The Photograph - Part Ten

June 20, 2012

Sorry. I had to go out of town last weekend, and I'm also trying to wrap up a bunch of stuff before I go on vacation this week. I hope to have the next part up tomorrow, whether I'm traveling or not. It will probably be the last section of the story, or at least the next-to-last (penultimate, if you're dorkly like me and like to use big words).

Anyway, in case you've forgotten what's been going on, here's a refresher course: Part One Part Two Part Three Part Four Part Five Part Six Part Seven Part Eight Part Nine



The moment I spoke them, I wanted the words back.

From the moment I had decided that I was going to visit Tori--that she was going to be the first person that I talked to about the grim news--I had formulated the best way to tell her. The words and the conversations and the discussion had tumbled through my head since I had left Bar Harbor. Whenever I doubted myself, the reflection on the windshield--or the image of the two of us together, younger, happier--had driven me forward.

The emotional roller coaster that I had subjected myself to over the past few hours, however, had forced me to blurt out the comment rather than break into the news gently.

"Rob..."

For a second, Tori sat with a look that hovered somewhere between annoyance and amusement. The corner of one side of her mouth was lifted in a disbelieving smile, while the other side was painted with a mixture of grief and shock. The amused side was winning when I felt everything inside of me--every reserve I had, every bit of emotional integrity that I clung to preventing the breakdown that I knew was coming--crumbled. A single tear fell from my eye, streaking down my cheek and landing on the table.

"Oh, Jesus," she said, raising a hand to her mouth to hide her shock.

"I'm sorry, Tori," I said, the tears--now unleashed--flowing freely.

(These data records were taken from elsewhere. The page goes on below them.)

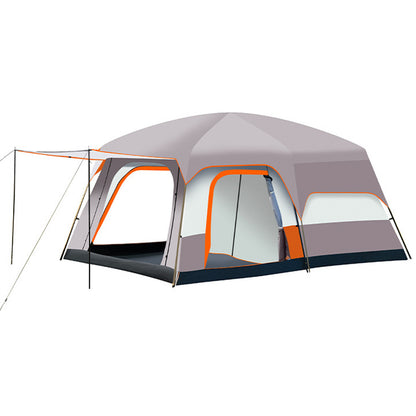 Large Luxury Family Camping Tent with 2 Bedrooms & Living Room - Heavy-Duty - Spacious Outdoor Tent Suitable for 8-12 People, /Fiberglass Frame, Setup, for glamping, RV Parks, Group Events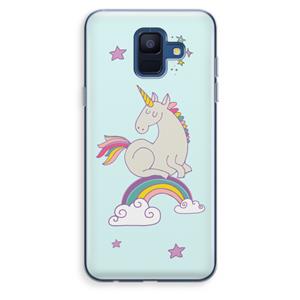 CaseCompany Regenboog eenhoorn: Samsung Galaxy A6 (2018) Transparant Hoesje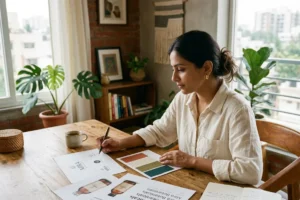 Founder reviewing brand identity design elements including logo, colour palette and typography at studio desk for Indian D2C startup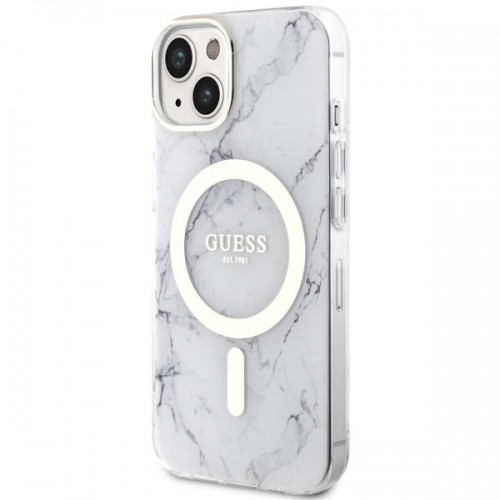 Guess GUHMP14MPCUMAH iPhone 14 Plus 6.7" biały|white hardcase Marble MagSafe image 2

"What the hell?" she said, leaning back from me. I felt my lower lip tremble. Closing my eyes, I felt them leak down the sides of my face. The tears splattered on the table. Despite all that, I forced myself to keep my emotions in check.

"I'm sorry, Tori," I repeated, my voice barely above a whisper. "That came out all wrong. I'm just...I'm scared and I'm sad and I thought I could do this and put a brave face on it all..." I opened my eyes and looked at her, shaking my head. "I didn't mean to dump it on you like that. It's just..."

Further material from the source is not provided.